Dalsza część tekstu pod wideo
PZPN zdyskwalifikował Stasiaka aż do 2026 roku. Mimo tego były działacz, który słynął z tego, że grywał w meczach swoich klubów, znalazł się w składzie oficjalnej delegacji związku na mecz z Mołdawią w Kiszyniowie. Federacja na razie nie komentuje tego faktu.
Bardziej wylewny jest za to Michał Tomczak, który w latach 2007-2008 szefował Wydziałowi Dyscypliny PZPN. To za jego czasów zaczęto karać kluby zaangażowane w korupcję.

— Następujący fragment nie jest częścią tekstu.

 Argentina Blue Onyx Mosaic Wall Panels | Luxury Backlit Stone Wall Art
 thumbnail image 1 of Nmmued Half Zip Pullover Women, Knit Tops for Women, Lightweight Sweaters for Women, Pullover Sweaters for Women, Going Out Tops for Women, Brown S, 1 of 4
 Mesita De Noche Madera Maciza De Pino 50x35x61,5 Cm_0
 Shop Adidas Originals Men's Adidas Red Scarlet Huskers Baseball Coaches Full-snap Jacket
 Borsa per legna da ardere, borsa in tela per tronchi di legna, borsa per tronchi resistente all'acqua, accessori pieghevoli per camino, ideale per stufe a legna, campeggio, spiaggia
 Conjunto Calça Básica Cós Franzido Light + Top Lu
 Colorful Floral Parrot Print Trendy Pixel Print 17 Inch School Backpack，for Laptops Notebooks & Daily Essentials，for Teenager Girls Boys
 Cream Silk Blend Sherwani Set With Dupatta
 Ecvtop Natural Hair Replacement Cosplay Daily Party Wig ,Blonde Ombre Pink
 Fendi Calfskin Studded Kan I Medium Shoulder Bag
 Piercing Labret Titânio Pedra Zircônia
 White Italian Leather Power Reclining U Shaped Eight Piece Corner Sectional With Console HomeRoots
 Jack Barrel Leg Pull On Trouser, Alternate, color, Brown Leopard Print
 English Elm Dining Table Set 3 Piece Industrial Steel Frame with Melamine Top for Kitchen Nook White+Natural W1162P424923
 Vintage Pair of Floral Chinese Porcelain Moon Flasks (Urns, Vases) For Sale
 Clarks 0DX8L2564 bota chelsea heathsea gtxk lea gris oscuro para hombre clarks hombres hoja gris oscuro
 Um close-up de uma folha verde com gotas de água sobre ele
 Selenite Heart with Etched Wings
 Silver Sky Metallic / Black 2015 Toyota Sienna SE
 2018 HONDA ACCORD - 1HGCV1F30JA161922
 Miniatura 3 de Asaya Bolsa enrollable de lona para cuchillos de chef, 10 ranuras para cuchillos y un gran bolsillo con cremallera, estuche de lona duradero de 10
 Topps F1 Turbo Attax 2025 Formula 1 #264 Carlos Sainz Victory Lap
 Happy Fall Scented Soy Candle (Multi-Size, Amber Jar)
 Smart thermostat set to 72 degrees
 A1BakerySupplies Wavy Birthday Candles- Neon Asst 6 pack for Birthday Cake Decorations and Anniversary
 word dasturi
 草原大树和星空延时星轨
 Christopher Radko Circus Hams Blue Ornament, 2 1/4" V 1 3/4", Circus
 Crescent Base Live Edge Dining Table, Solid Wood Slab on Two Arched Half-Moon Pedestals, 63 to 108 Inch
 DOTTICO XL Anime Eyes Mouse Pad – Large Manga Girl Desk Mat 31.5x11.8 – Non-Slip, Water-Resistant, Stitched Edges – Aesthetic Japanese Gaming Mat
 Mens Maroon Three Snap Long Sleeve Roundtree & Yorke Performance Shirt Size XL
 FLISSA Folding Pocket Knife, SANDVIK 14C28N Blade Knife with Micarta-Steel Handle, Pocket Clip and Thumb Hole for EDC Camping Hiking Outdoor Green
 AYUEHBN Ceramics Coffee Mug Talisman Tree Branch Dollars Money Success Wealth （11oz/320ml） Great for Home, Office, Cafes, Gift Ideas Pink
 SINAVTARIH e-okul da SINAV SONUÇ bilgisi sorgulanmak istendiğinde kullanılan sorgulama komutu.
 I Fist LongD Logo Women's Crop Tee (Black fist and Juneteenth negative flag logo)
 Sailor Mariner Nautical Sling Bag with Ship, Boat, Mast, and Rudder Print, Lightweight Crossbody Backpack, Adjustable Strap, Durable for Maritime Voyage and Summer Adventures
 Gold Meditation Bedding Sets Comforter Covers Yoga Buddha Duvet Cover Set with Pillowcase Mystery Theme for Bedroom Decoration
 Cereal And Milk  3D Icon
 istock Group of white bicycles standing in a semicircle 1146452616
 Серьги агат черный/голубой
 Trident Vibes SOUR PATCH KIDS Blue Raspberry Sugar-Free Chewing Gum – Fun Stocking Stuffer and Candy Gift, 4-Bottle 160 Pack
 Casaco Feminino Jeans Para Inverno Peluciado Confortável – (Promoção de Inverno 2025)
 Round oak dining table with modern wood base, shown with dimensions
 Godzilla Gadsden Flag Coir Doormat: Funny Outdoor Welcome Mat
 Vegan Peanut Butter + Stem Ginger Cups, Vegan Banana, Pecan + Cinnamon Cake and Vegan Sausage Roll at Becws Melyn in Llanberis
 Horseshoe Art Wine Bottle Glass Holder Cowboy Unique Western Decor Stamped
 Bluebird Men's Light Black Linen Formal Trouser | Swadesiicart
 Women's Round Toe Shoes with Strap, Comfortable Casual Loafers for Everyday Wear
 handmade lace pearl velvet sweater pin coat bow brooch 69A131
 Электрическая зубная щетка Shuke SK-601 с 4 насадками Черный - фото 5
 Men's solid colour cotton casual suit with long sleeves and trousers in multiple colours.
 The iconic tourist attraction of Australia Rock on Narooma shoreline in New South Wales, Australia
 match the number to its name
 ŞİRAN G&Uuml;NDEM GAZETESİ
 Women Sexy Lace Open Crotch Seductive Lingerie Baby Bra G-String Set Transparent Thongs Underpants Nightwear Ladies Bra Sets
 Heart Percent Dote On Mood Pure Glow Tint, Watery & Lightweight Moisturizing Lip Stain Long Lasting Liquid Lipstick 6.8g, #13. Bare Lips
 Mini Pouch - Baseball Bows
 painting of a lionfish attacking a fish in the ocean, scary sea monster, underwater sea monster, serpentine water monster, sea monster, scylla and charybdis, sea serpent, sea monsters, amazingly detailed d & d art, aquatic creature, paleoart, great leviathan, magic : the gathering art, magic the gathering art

- Postać Mirosława Stasiaka jest dla polskiej afery korupcyjnej niemal symboliczna, może druga w kolejności po Forbrichu. Ale o wiele ważniejsze, niż sam Stasiak w samolocie do Mołdawii, jest podejście do korupcji prezesa związku Cezarego Kuleszy, który wydaje się mentalnie należeć do tamtych czasów - stwierdził Tomczak w rozmowie z "WP Sportowe Fakty".
Jego zdaniem o stosunku prezesa PZPN wiele mówi też jego zachowanie wobec zamieszania z początku kadencji Czesława Michniewicza.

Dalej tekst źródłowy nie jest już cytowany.